§ Activity: From the line that contains "Lenox 146504230 Holiday" through the closing line of the entries, write out each line exactly; pictures stay out.

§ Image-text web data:
━━━━━━

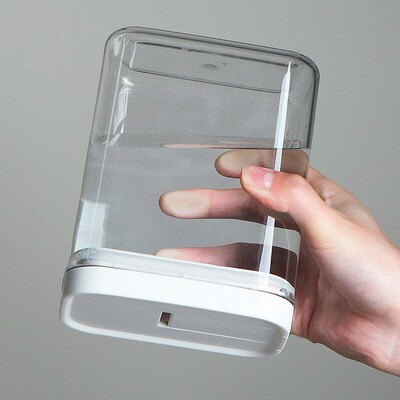 Pasta Storage Box Transparent Plastic Grain Seal Tank Spaghe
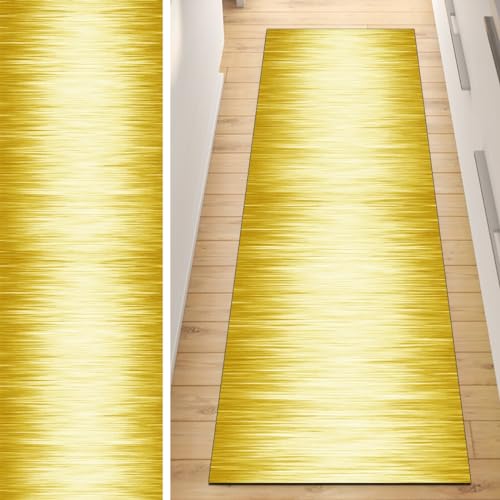 QQrunner Läufer Flur Küche Teppich rutschfest Gelb 60x300CM Lang Kücheläufer Waschbar Meterware Abstrakt Teppichmatten Korridor Polyester Wohnzimmer Schlafzimmer 40-120cm Breit, Anpassbare Größe QQrunner Läufer Flur Küche Teppich rutschfest Gelb 60x300CM Lang Kücheläufer Waschbar Meterware Abstrakt Teppichmatten Korridor Polyester Wohnzimmer Schlafzimmer 40-120cm Breit, Anpassbare Größe von QQrunner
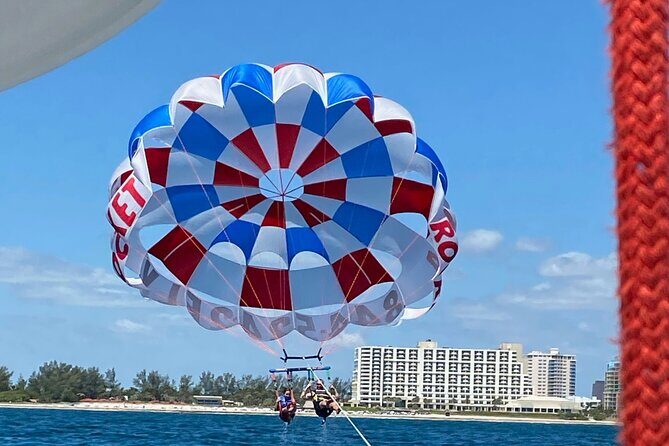 Ocean Parasailing Adventure In Fort Lauderdale, FL - The full route: Fort Lauderdale Beach, Port Everglades, and the canal system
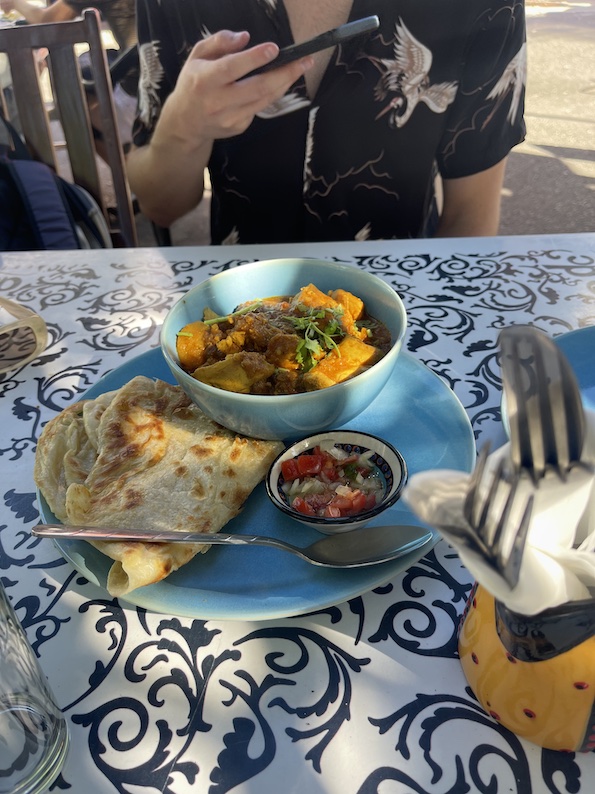 Food at Faeza's Home Kitchen, Bo Kaap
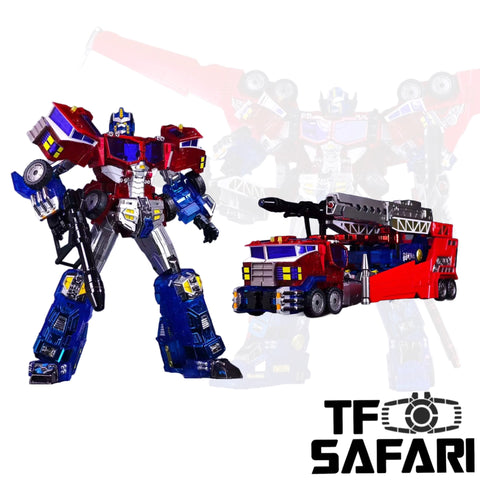 Transform and Rollout TR-02EX TR02EX Commander of Stars Cybertron SIEGE Optimus Prime Galaxy Convoy EX Version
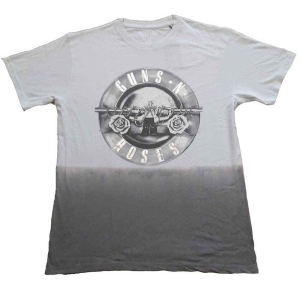 Guns N Roses - Tonal Bullet Uni Grey Dip-Dye S i gruppen MERCHANDISE / T-shirt / Hårdrock hos Bengans Skivbutik AB (5542243r)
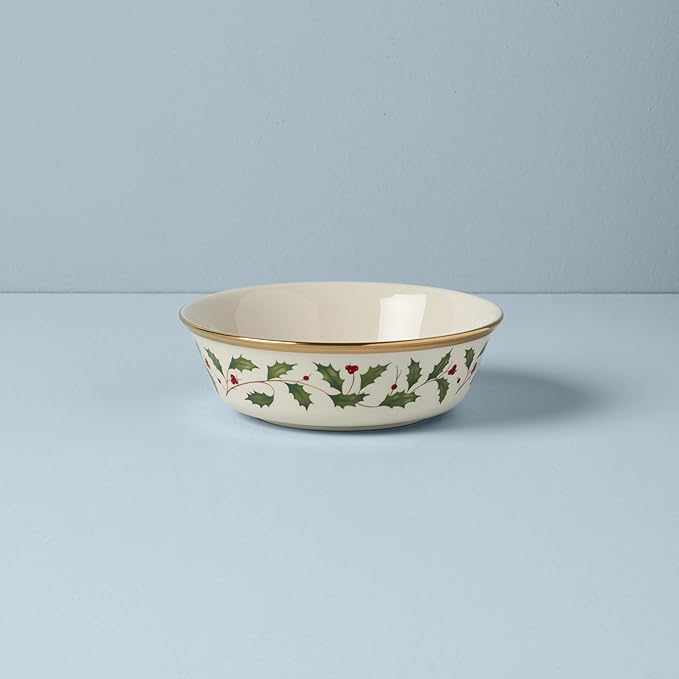 Lenox 146504230 Holiday All-Purpose Bowl, Christmas Dinnerware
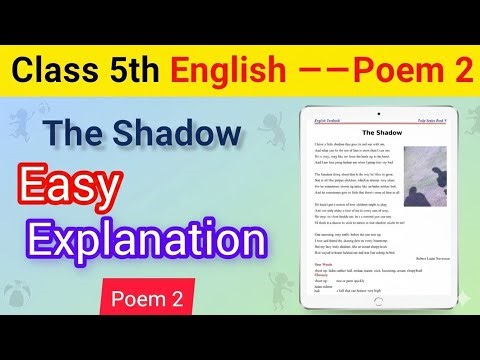 The Shadow Class 5th English Examination || Jkbose Class 5th English Poem 2 Easy EXPLINATION ||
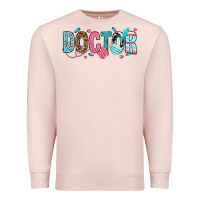 Pale Pink doctor Premium Sweatshirt - texasbilliewilder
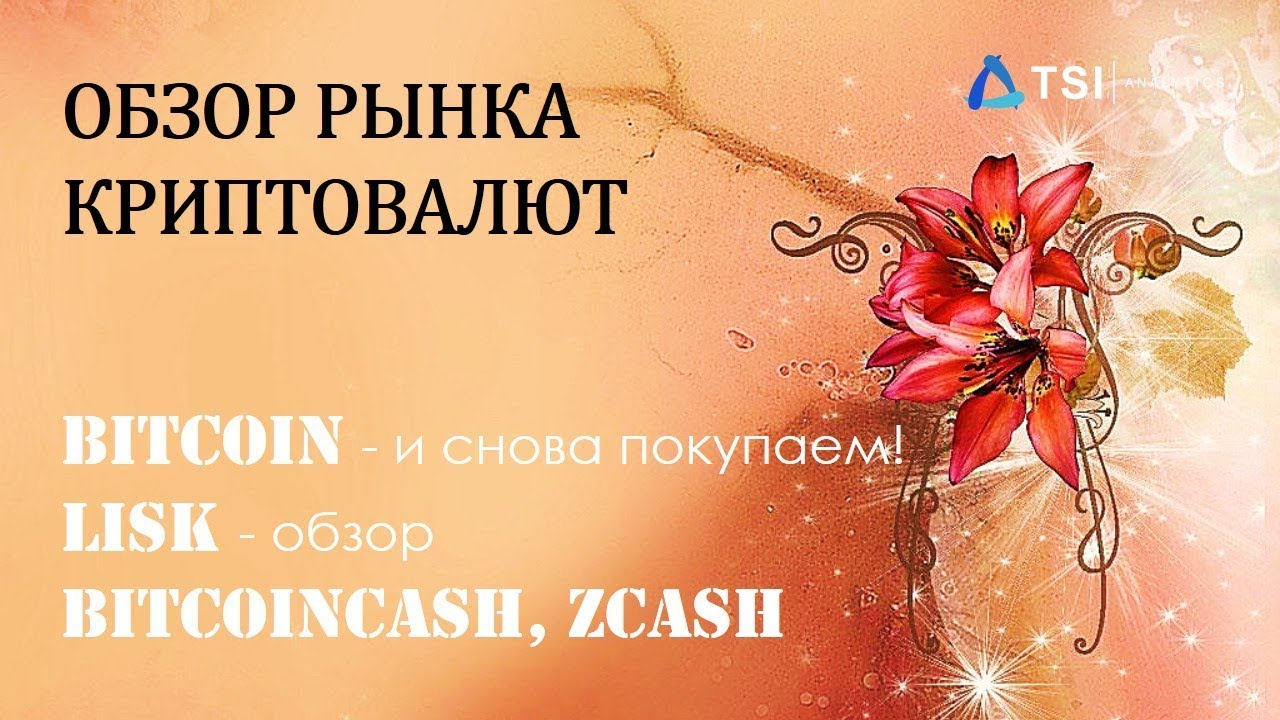 Bitcoin — и снова покупаем. BitcoinCash, ZCash и Lisk | Обзор TSI Analytics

━━━━━━

§ Exercise result:
 Lenox 146504230 Holiday All-Purpose Bowl, Christmas Dinnerware
 The Shadow Class 5th English Examination || Jkbose Class 5th English Poem 2 Easy EXPLINATION ||
 Pale Pink doctor Premium Sweatshirt - texasbilliewilder
 Bitcoin — и снова покупаем. BitcoinCash, ZCash и Lisk | Обзор TSI Analytics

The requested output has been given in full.